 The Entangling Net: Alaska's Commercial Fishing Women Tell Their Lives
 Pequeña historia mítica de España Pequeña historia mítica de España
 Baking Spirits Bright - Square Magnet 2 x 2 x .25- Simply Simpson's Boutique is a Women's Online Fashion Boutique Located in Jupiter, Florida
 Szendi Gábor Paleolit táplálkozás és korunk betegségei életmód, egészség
...
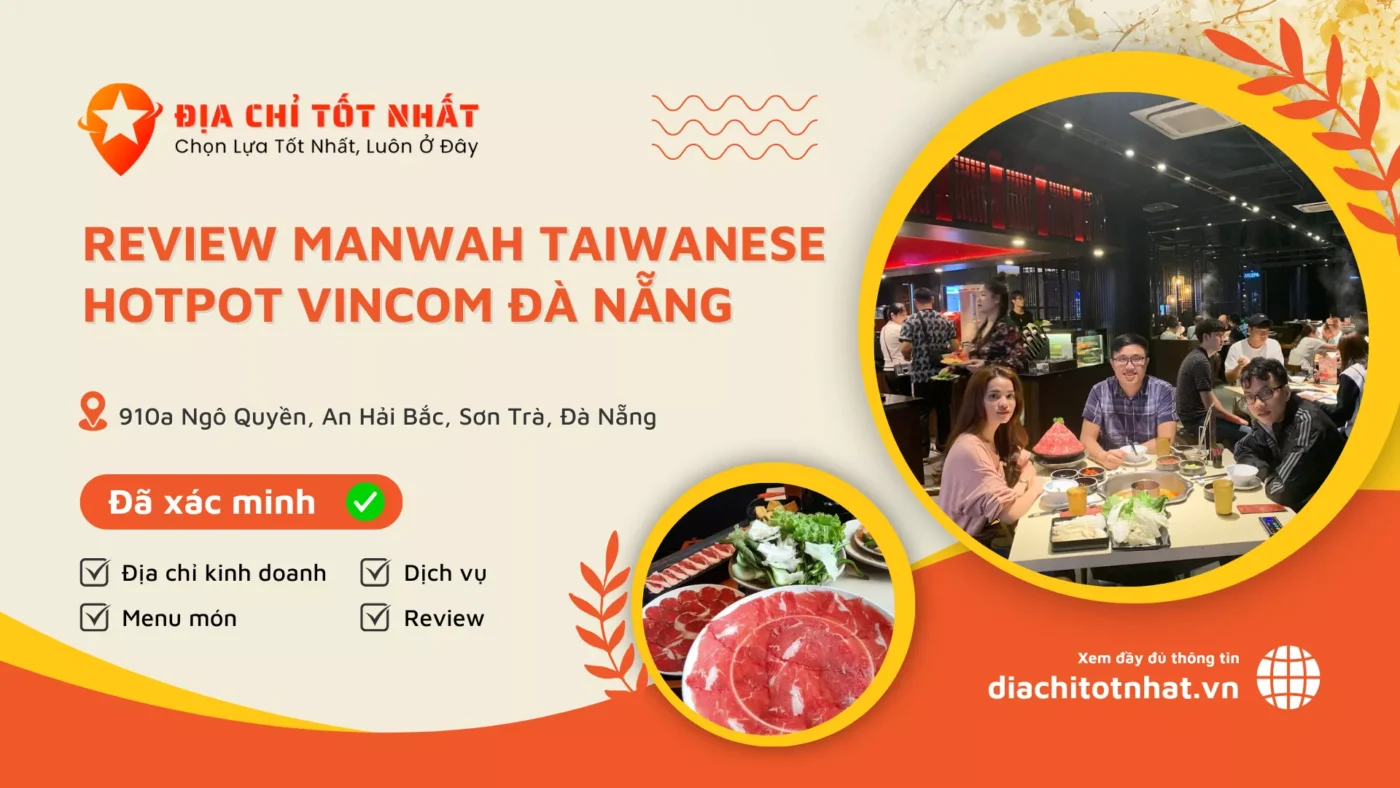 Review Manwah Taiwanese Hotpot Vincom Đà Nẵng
==
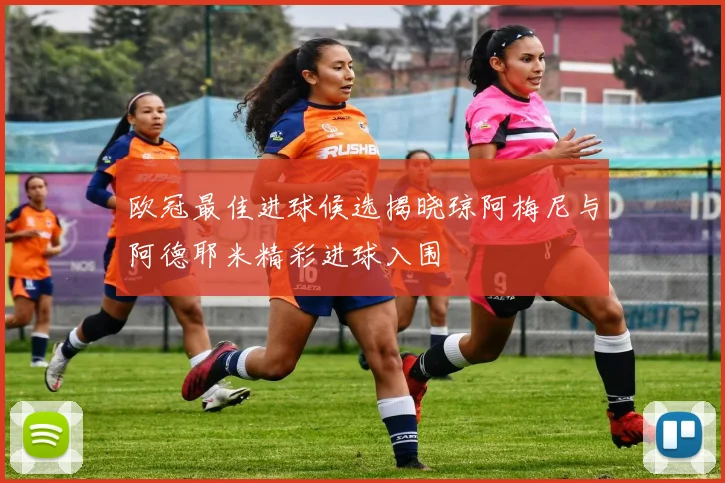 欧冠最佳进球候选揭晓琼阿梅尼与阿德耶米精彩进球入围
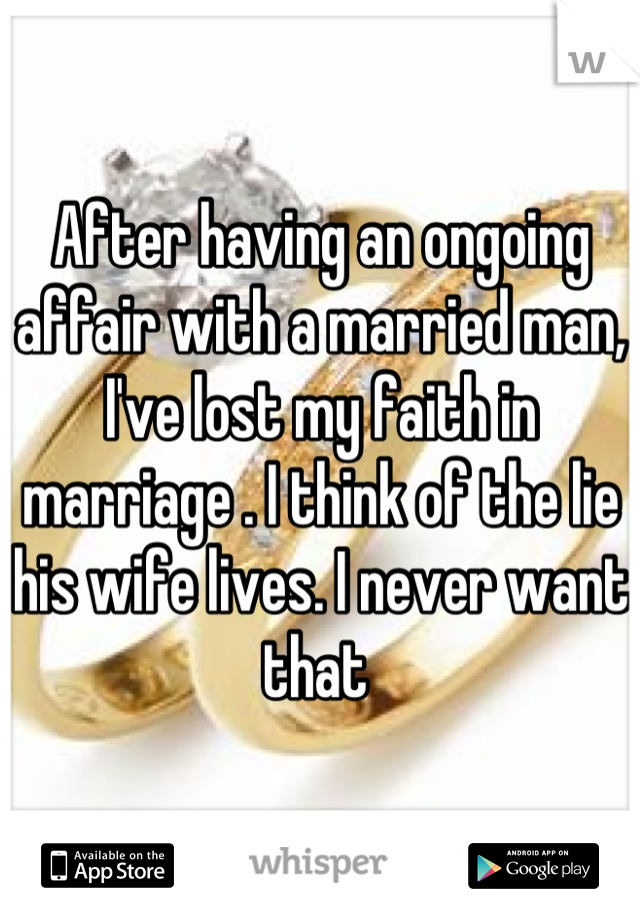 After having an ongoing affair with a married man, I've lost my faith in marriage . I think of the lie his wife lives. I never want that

**TASK GOAL:**
Only the lines above from the line with "Baking Spirits Bright" to the line with "Szendi Gábor Paleolit", those two lines included, should be reproduced exactly.

**SOLUTION FOR THIS PROBLEM:**
 Baking Spirits Bright - Square Magnet 2 x 2 x .25- Simply Simpson's Boutique is a Women's Online Fashion Boutique Located in Jupiter, Florida
 Szendi Gábor Paleolit táplálkozás és korunk betegségei életmód, egészség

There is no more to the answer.